In this outspoken critical text, Maria Alice Milliet discusses Magiciens de la terre, the show of over one hundred artists organized jointly by the Georges Pompidou and the Grande Halle at the Parc de la Villette in Paris in 1989. The initial aim of the exhibition was to formulate an alternative to the show Primitivism in 20th Century Art: Affinity of the Tribal and the Modern held at the Museum of Modern Art in New York that same year; many critics considered the show at MoMA a problematic “aestheticization” of non-Western cultures, which were presented solely in terms of their influence on modernism without any further scope of reference or documentation. The other aim of Magiciens de la terre was to counteract L'Exposition Coloniale held in France in 1931. That show came to be seen as part of the historical framework for French colonialism insofar as it formulated an imperial hegemony greater than all its subordinate holdings. Martin’s curatorial premise for the exhibition was based on a notion of “50/50,” where half of the works in the exhibition were from central countries and the other half—works by artists and artisans—were from “the periphery.” The problem with that criterion, in Milliet’s view, is that it falls into the same morass as Primitivism, that is, it too uses Western values to “aestheticize” production that does not necessarily fit into Western parameters. The debate on this show in France would become crucial to reflection on contemporary art in the context of globalization and of emerging systems for the production and circulation of artist production.

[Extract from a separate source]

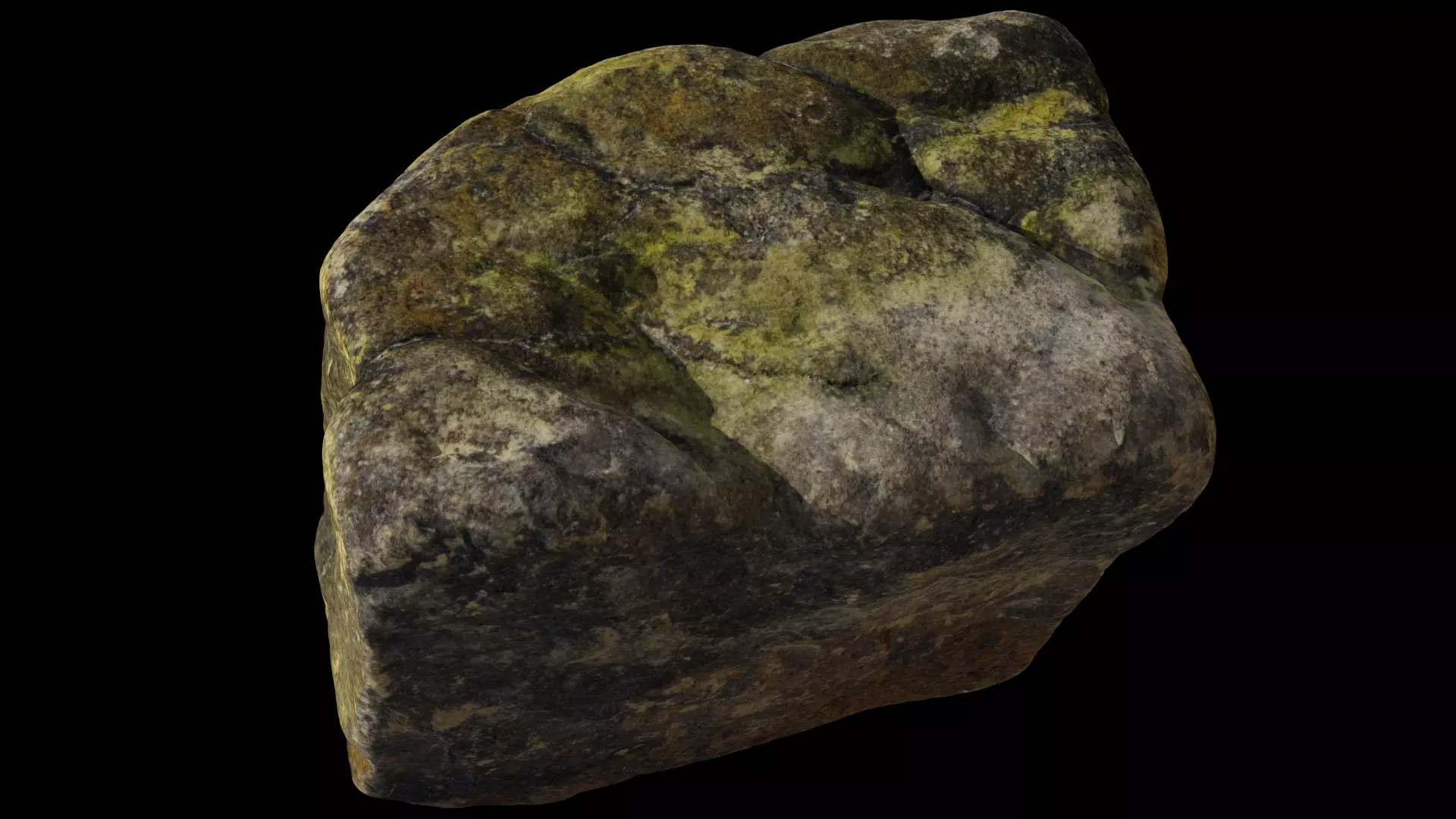 Riverbed Rock 3D model_0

Maria Alice Milliet is a curator, historian, and art critic. For several decades, she has been the director of the Fundação José e Paulina Nemirovsky. Jean Hubert Martin, curator of the Centre Georges Pompidou, was the artistic director of the Lyon Biennial and the general director of the Museum Kunstpalast Foundation in Düsseldorf, Germany.

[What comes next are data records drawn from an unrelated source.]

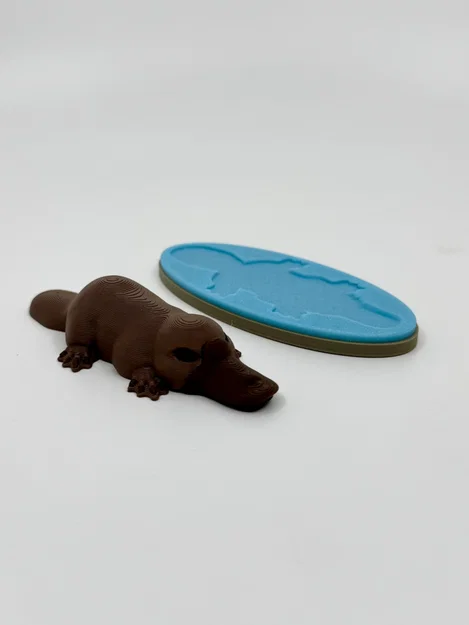 Platypus – Tượng thú mỏ vịt realistic pre-painted (kèm đế tùy chọn) - Image 2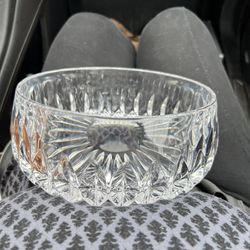 Gorham Crystal Elegant Bowl Althea 8 Inch Diameter West Germany Lead Crystal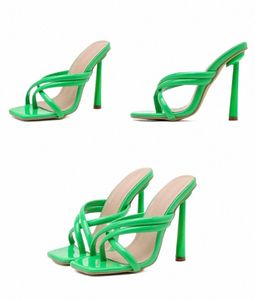 2022 eleganti scarpe da sera da donna eleganti pantofole sandali estivi moda clip toe infradito donne sottili tacchi alti pompe sexy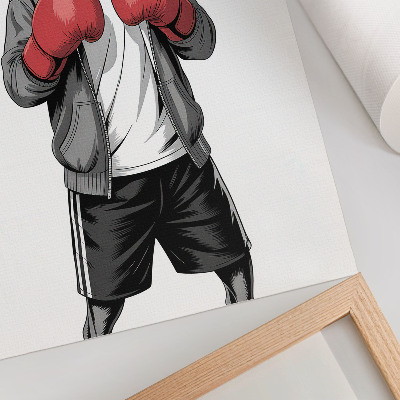 Plakát Boxerské rukavice pro psy boxery ve sportovním stylu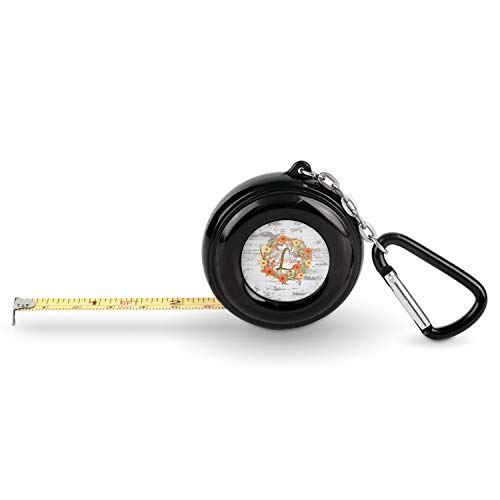 Cinta métrica de bolsillo floral personalizada 6 pies miniatura 1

The late eighties witnessed the emergence of criticism of colonizing, albeit tolerant, strains of Eurocentrism that did not revolve around “the magical” and “the primitive.” A new interest in the notion of “the fantastic” is found in many essays, papers, and symposia of the day. The exhibition Art of the Fantastic, held at the Indianapolis Museum of Art and curated by Holiday T. Day and Hollister Sturges, occasioned a commentary by Aracy Amaral (“Arte da América Latina: questionamentos sobre a discriminação” [doc. no. 776879]) that formed part of this extensive debate in the United States and beyond.
Entitled Resisting Categories: Latin American And/Or Latino?, the first volume of the ICAA critical documents—compiled by Héctor Olea, Mari Carmen Ramírez, and Tomás Ybarra-Frausto—contains the chapter “Exhibiting Entrenched Representations,” which addresses the destabilization of categories. That text discusses the case of the X Pan American Games held in Indianapolis in 1987. For further information, see “Art of the Fantastic,” prologue and introduction [docs. no. 1065311 and 1065330].
The next volume of the publication, which is entitled Questioning Stereotypes, includes a 1987 essay by Aracy Amaral that discusses “the fantastic”: “‘Fantástico’ são os outros” [doc. no. 776644].